Case Study: Working with two teams at a time of change by Caroline Timothy

What did you do? I work with Warrington Public Health and Warrington Clinical Commissioning Group (CCG).  The two teams that I work with have recently both changed and I followed them during the transition. Warrington Public Health, similar to other Public Health teams in the country, moved from the NHS to the local authority. The physical move was in October 2012 and the actual move from the NHS to Warrington Borough Council was in April 2013. Warrington CCG has been acting as a CCG for over a year now, but they too went through large changes in April 2013 and also moved offices in June of this year!

What worked? There are champions of the service within the Public Health team and at the CCG and this helps when I am promoting the service. I have been flexible and volunteered to do work outside of traditional library work and this has helped the teams during what has been a very busy and demanding time of change.

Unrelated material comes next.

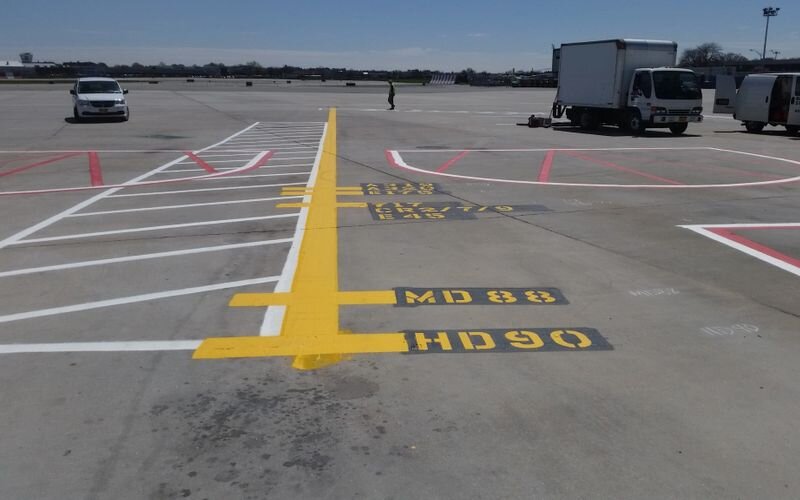 A man standing in an empty parking lot.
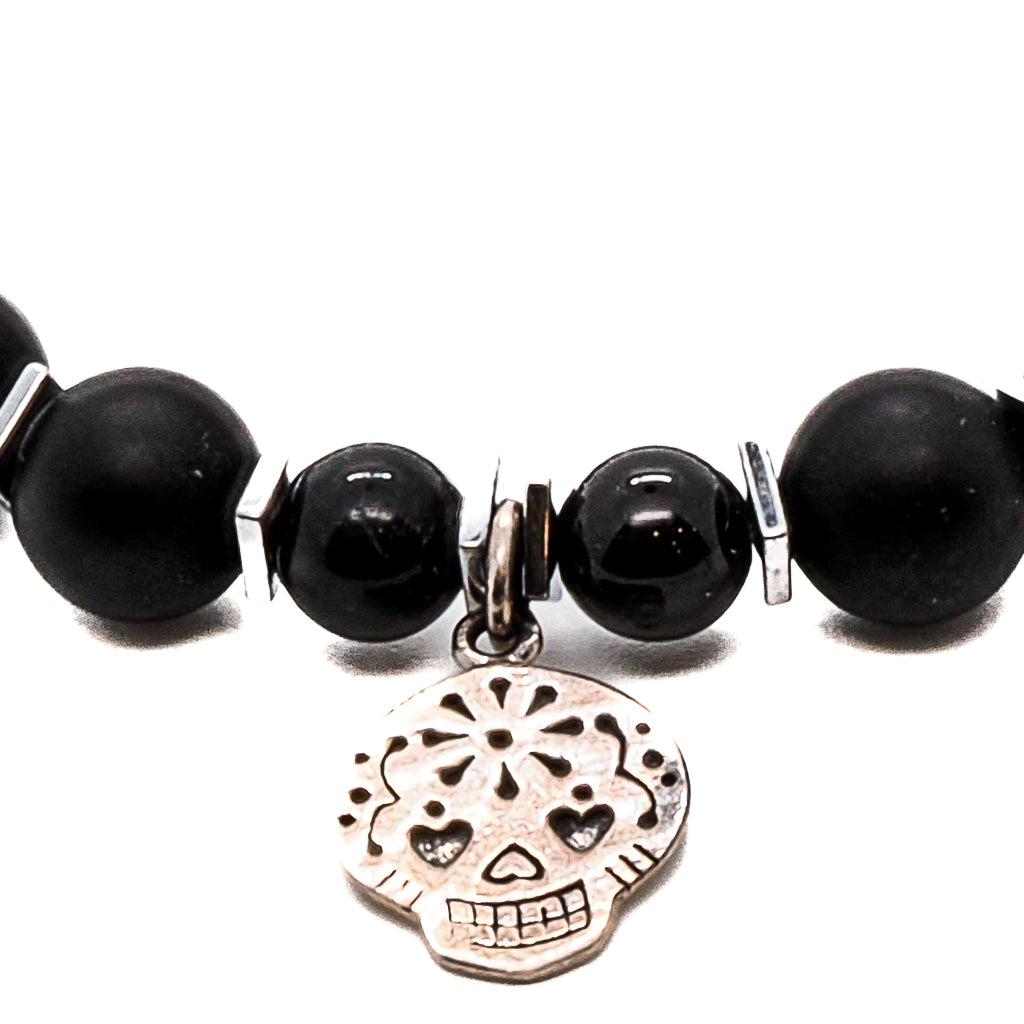 Discover the empowering energy of the Sugar Skull Onyx Bracelet, handmade with attention to detail and a touch of celestial beauty.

I have conducted literature searches supplying a lot of information to help with service development and there have been many requests asking about transition, integration and best practice at other CCG or Public Health teams. Being friendly and approachable is a big part of the role and also being willing to ‘muck in’ with whatever is going on, from helping with stalls at the CCG Marketplace event to taking part in fun days and promoting Change4Life.It is important to link any requests for information that are made by people in the two different teams to connect work that both Public Health and the CCG might be working on and to create awareness that they are both working on the same area.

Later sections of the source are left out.